We’ve had a whole season since George Russell and Valtteri Bottas dramatically crashed at Imola. At the time, rumours surrounded the pair. Was Bottas going to lose his seat at Mercedes to Russell, and they therefore weren’t fans of each other? It certainly didn’t help that the pair swore and flipped each other off during the incident, but now Russell has gone into detail about his thought process at the time.
For some context, Russell was racing for Williams who, at the time, were languishing at the back of the grid, while Bottas and the team at Mercedes was dominating at the front. That domination wasn’t present at Imola with Bottas stuck in P10 and Russell coming up right behind him in P11. It was wet and when Russell went for the overtake he slid onto the grass and crashed into Bottas.
Check out the expletive ridden video of the crash below.
When Russell looked back on the incident on the High Performance Podcast, he said that he didn’t even realise it was Bottas.
“The thing with Williams is I’d been there for two years and scored zero points,” he said. “The team that finishes eight, ninth, tenth in the Championship, they often don’t score more than 10 points in a whole season. So if you ever get that one opportunity to score one or two points, that’s huge for the team.
“Also, financially, if you could finish ninth, eighth in the Constructors’ Championship, you’re talking tens of millions of dollars in prize money extra.

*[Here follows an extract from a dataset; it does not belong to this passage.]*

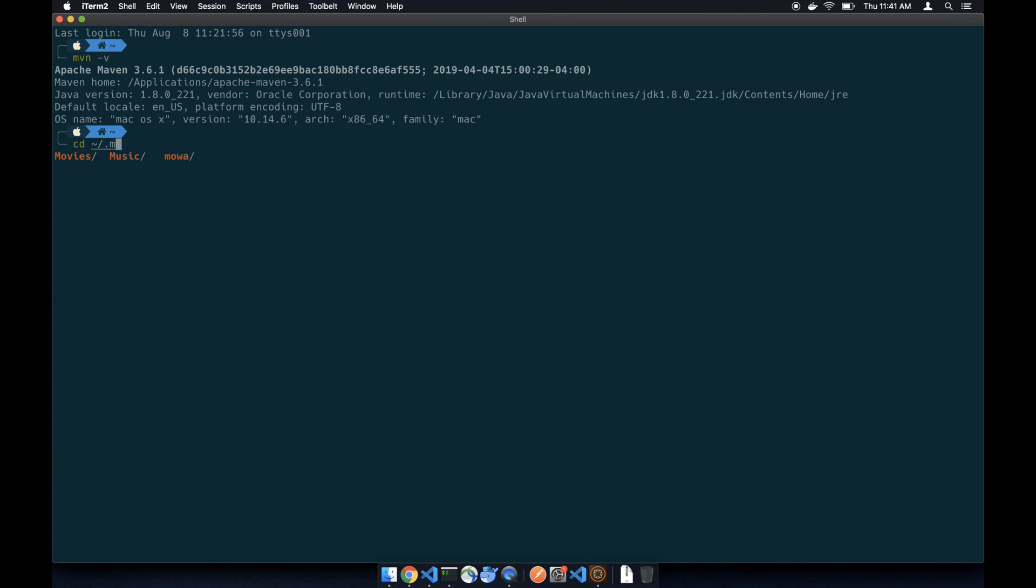And then make sure you create settings.xml.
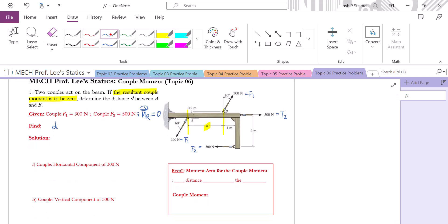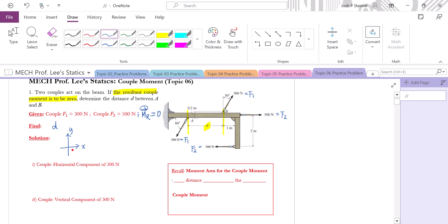Let's start our solution. The very first step is to define our coordinate system. Since our system is in two-dimensional space, we need x and y coordinates. But these two axes are not enough — we're talking about moment as well. Therefore, we're going to assume counterclockwise as positive for the moment. These three directions are our positive directions in our solution.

“I’m in a race, I’m in 11th position and when you’re in a car like that, you’ve got to put it all on the line. You won’t score points if you’re conservative, play Mr Consistent. It didn’t even really cross my mind that it was Valtteri in a Mercedes.
“That was an opening to score points for myself, for my team, and I had to go for it. But it was at that moment I was spinning sidesways through the grass at 200 miles an hour.”
According to Russell, this was his first big crash, and he didn’t know what to expect. As he explained, “It was quite a scary moment because I’d never crashed at that speed before, doing 330 kilometres an hour.
“DRS open on a wet patch, the car just spun. I’m going sideways down the track, carbon fibre flying everywhere. I can’t see to my right because you’re kind of locked in the cockpit. I don’t know what I’m going to hit and I’m sort of bracing for impact.”
Russell went on to admit that he didn’t handle the situation very well because he felt there was so much on the line at that time. In this case, tens of millions of dollars.
“Your initial reaction, there’s so much adrenalin. Firstly, I was furious with Valtteri, which was probably not the right thing to do because that was an opportunity I saw that had now just disappeared.
“It wasn’t that I’ve just crashed into Valtteri or a Mercedes, it’s the points we’ve lost and I thought he’d lost for us, and that was really also a lesson for me that you need to look at the overall picture from other people’s view before taking a snap judgement.
“I was very hot-headed and went over and he was also hot-headed. Middle fingers were flying and the F and C words were thrown around. It was all a bit of a not very pleasant situation and that was also really good learning for me – you need to take a moment to think about it before snap judgements.”
Understanding “other people’s view” became very clear to Russell after what was sure to have been an awkward flight home with Mercedes team principal, Toto Wolff.
“When it comes to Mercedes, I didn’t really know what to think. I was flying home with Toto that evening, it was always the case – so the one flight I take with him a year, it was that one.
“He was very upset with the situation and pretty angry also, because that was the very first year of this new financial cost cap that had been implemented and the damage that occurred, and that incident for Mercedes, was, I think, one and a half million dollars.
“So that’s one and a half million dollars taken away from the sort of overall budget. So he was obviously very upset and frustrated about that. It was all just a messy, not good situation.”
When asked if he could have lost his chances at a seat at Mercedes, Russell didn’t think so because he had good reasoning for it.
“… my argument was I was in a position that was better than where the Williams should be and he was in a position worse than where a Mercedes should be at the time. So I kind of naively and selfishly use that incident as almost an argument for me.”